Kühn’s Transmitting opened the set, mixing classical structures with Shepp’s irrepressible, vigorous tonal play and they held a tension through the perpetual statement and restatement of the melodic core. Shepp drove this disturbed, glitchy flow to segue into Ornette’s Lonely Woman which he filled out with a deeply harrowing beauty.
The standards, Sophisticated Lady and Harlem Nocturne, which saw Shepp’s only flirtation with the soprano sax, and their own offerings from Wo!man – were explored with a rigorous, improvised approach, and dipped in to unexpected areas which drew on on Kühn’s classical background to create a strange sense of dislocation, as though they were holding on to jazz in a non-jazz context. The tempos and pace would change on a sixpence; the intensity would be ferocious, perspiration flowing off Kühn, stabbing at the keyboard, then florid with the deftest of accents from Shepp. When quirky discord collided with delicate, haunting arpeggios, it created a happily disconcerting feeling that Liszt had met Monk or Coleman Hawkins.
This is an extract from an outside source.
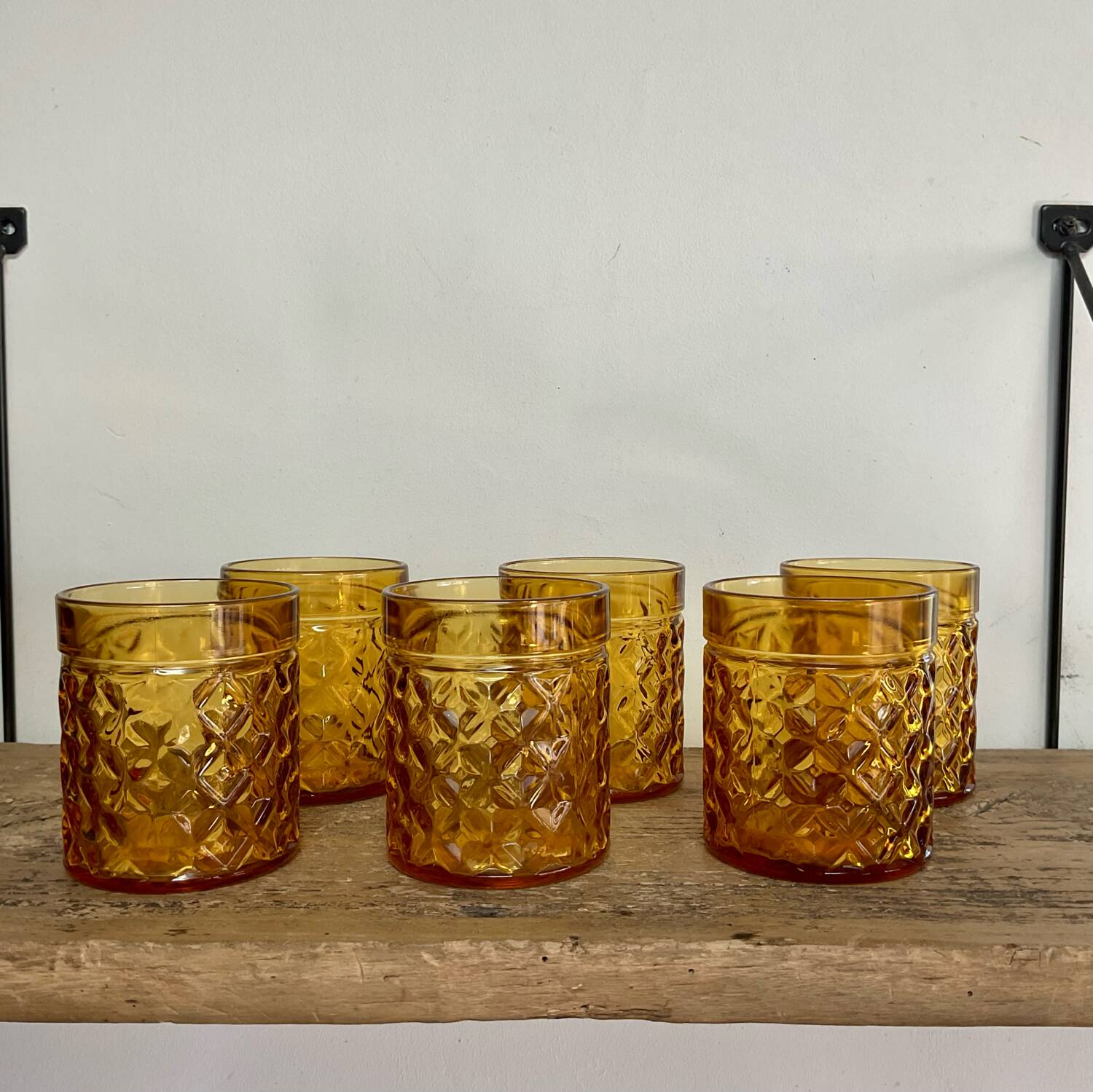 6 Pernod amber glasses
The blues figured strongly in an extended piano solo which Kühn built up uncompromisingly, to the delight of Shepp and the audience. They shared the chunkiest of blues that was the natural successor to an earthy, but also lightly langorous ‘Nina’ dedicated to Nina Simone.
They kept up this glorious momentum for over ninety minutes, and there was the sense of having been present at an intense musical masterclass.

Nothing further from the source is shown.